How to parse multipart forms using abonander/multipart with Rocket?
Rocket's primary abstraction for data is the FromData trait. Given the POST data and the request, you can construct a given type:
pub trait FromData<'a>: Sized {
type Error;
type Owned: Borrow<Self::Borrowed>;
type Borrowed: ?Sized;
fn transform(
request: &Request,
data: Data
) -> Transform<Outcome<Self::Owned, Self::Error>>;
fn from_data(
request: &Request,
outcome: Transformed<'a, Self>
) -> Outcome<Self, Self::Error>;
}
Then, it's just a matter of reading the API for multipart and inserting tab A into slot B:
#![feature(proc_macro_hygiene, decl_macro)]
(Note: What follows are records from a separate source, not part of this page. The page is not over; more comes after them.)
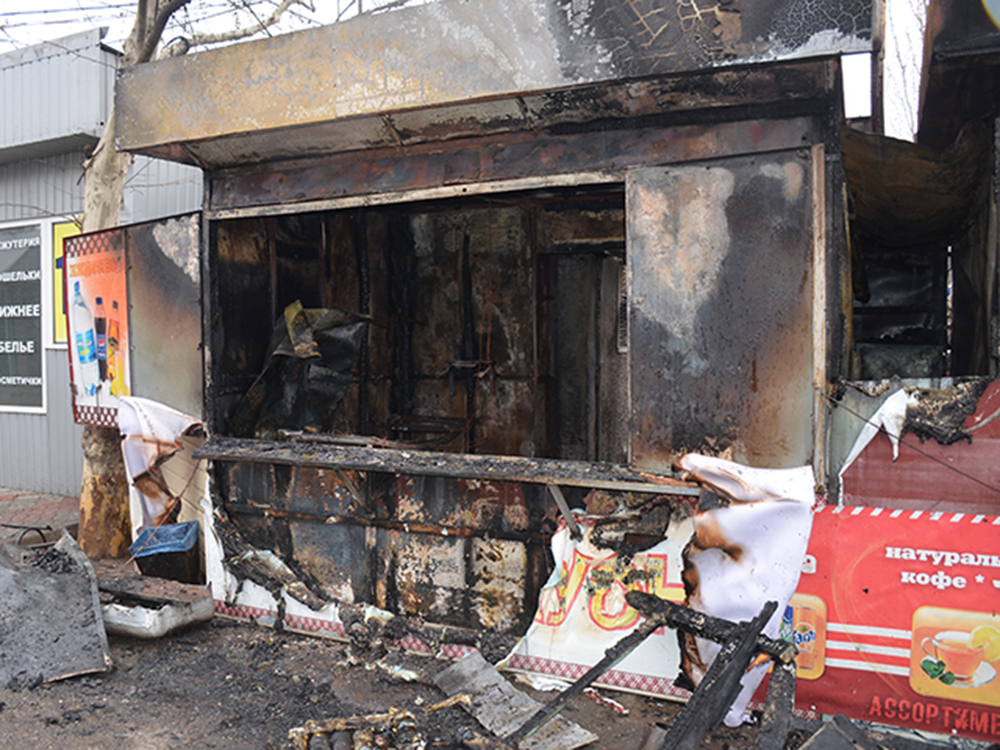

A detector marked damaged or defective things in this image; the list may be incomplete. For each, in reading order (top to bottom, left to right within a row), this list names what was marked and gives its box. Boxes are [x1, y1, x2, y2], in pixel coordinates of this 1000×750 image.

burnt plastic sheet [229, 302, 368, 440]
white torn fabric [118, 400, 206, 536]
white torn fabric [836, 388, 916, 506]
burnt plastic sheet [0, 536, 111, 692]
white torn fabric [676, 456, 816, 732]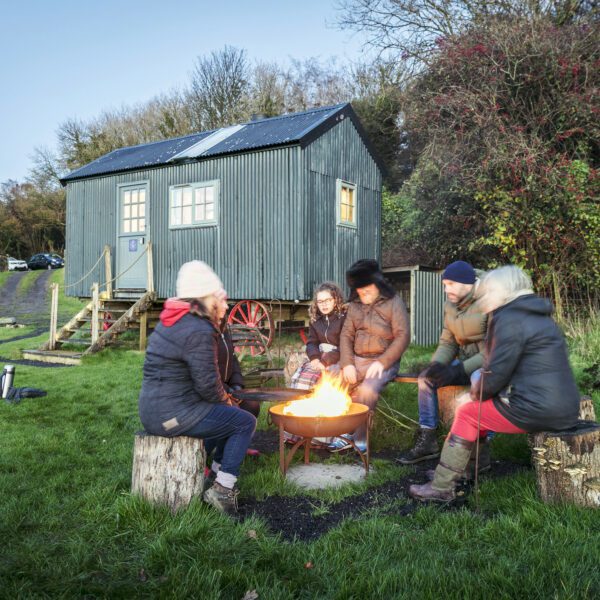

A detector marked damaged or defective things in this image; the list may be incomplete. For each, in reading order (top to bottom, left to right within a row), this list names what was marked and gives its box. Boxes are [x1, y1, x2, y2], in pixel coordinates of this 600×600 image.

rusty metal fire bowl [270, 404, 372, 478]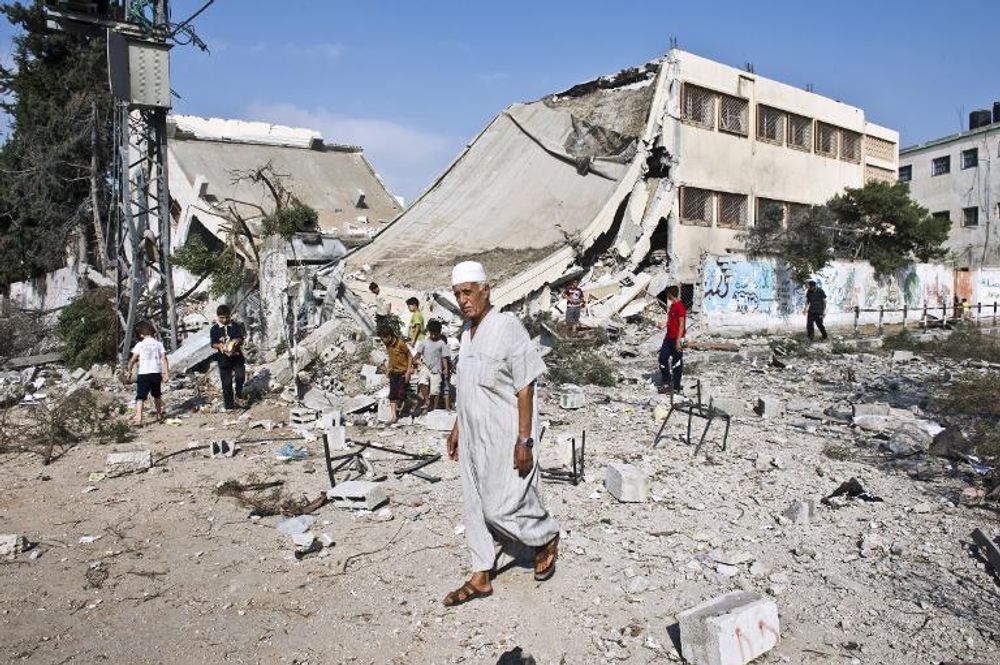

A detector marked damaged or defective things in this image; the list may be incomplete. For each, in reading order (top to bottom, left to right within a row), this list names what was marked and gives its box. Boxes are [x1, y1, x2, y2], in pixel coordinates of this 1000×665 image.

damaged building facade [350, 46, 908, 330]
use multipart::server::Multipart; // 0.16.1, default-features = false, features = ["server"]
use rocket::{
data::{Data, FromData, Outcome, Transform, Transformed},
post, routes, Request,
}; // 0.4.2
use std::io::Read;
#[post("/", data = "<upload>")]
fn index(upload: DummyMultipart) -> String {
format!("I read this: {:?}", upload)
}
#[derive(Debug)]
struct DummyMultipart {
alpha: String,
one: i32,
file: Vec<u8>,
}
// All of the errors in these functions should be reported
impl<'a> FromData<'a> for DummyMultipart {
type Owned = Vec<u8>;
type Borrowed = [u8];
type Error = ();
fn transform(_request: &Request, data: Data) -> Transform<Outcome<Self::Owned, Self::Error>> {
let mut d = Vec::new();
data.stream_to(&mut d).expect("Unable to read");
Transform::Owned(Outcome::Success(d))
}
fn from_data(request: &Request, outcome: Transformed<'a, Self>) -> Outcome<Self, Self::Error> {
let d = outcome.owned()?;
let ct = request
.headers()
.get_one("Content-Type")
.expect("no content-type");
let idx = ct.find("boundary=").expect("no boundary");
let boundary = &ct[(idx + "boundary=".len())..];
let mut mp = Multipart::with_body(&d[..], boundary);
// Custom implementation parts
let mut alpha = None;
let mut one = None;
let mut file = None;
mp.foreach_entry(|mut entry| match &*entry.headers.name {
"alpha" => {
let mut t = String::new();
entry.data.read_to_string(&mut t).expect("not text");
alpha = Some(t);
}
"one" => {
let mut t = String::new();
entry.data.read_to_string(&mut t).expect("not text");
let n = t.parse().expect("not number");
one = Some(n);
}
"file" => {
let mut d = Vec::new();
entry.data.read_to_end(&mut d).expect("not file");
file = Some(d);
}
other => panic!("No known key {}", other),
})
.expect("Unable to iterate");
let v = DummyMultipart {
alpha: alpha.expect("alpha not set"),
one: one.expect("one not set"),
file: file.expect("file not set"),
};
// End custom
Outcome::Success(v)
}
}
fn main() {
rocket::ignite().mount("/", routes![index]).launch();
}
I've never used either of these APIs for real, so there's no guarantee that this is a good implementation. In fact, all the panicking on error definitely means it's suboptimal. A production usage would handle all of those cleanly.
However, it does work:
%curl -X POST -F alpha=omega -F one=2 -F file=@hello http://localhost:8000/
I read this: DummyMultipart { alpha: "omega", one: 2, file: [104, 101, 108, 108, 111, 44, 32, 119, 111, 114, 108, 100, 33, 10] }
An advanced implementation would allow for some abstraction between the user-specific data and the generic multipart aspects. Something like Multipart<MyForm> would be nice.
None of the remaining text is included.